• EXERCISE REQUIREMENTS:
Nothing outside the range is wanted. Repeat exactly the lines below from the one with "Truro 1, 1-Light" through the one with "Poster malicious emails".

• SUPPLIED DATA:
==============================

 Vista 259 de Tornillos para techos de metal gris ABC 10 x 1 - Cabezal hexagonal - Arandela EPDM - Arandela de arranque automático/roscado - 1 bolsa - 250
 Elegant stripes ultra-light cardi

==============================

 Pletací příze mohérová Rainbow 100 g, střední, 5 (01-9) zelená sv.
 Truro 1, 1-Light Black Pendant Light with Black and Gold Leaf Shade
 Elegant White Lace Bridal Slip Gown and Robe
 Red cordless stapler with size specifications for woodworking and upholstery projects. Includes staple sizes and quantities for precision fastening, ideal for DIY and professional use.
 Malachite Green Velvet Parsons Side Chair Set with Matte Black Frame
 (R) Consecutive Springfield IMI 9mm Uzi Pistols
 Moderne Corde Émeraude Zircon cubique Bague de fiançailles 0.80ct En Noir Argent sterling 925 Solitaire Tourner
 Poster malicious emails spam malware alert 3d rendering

==============================

• RESPONSE FOR THIS EXERCISE:
 Truro 1, 1-Light Black Pendant Light with Black and Gold Leaf Shade
 Elegant White Lace Bridal Slip Gown and Robe
 Red cordless stapler with size specifications for woodworking and upholstery projects. Includes staple sizes and quantities for precision fastening, ideal for DIY and professional use.
 Malachite Green Velvet Parsons Side Chair Set with Matte Black Frame
 (R) Consecutive Springfield IMI 9mm Uzi Pistols
 Moderne Corde Émeraude Zircon cubique Bague de fiançailles 0.80ct En Noir Argent sterling 925 Solitaire Tourner
 Poster malicious emails spam malware alert 3d rendering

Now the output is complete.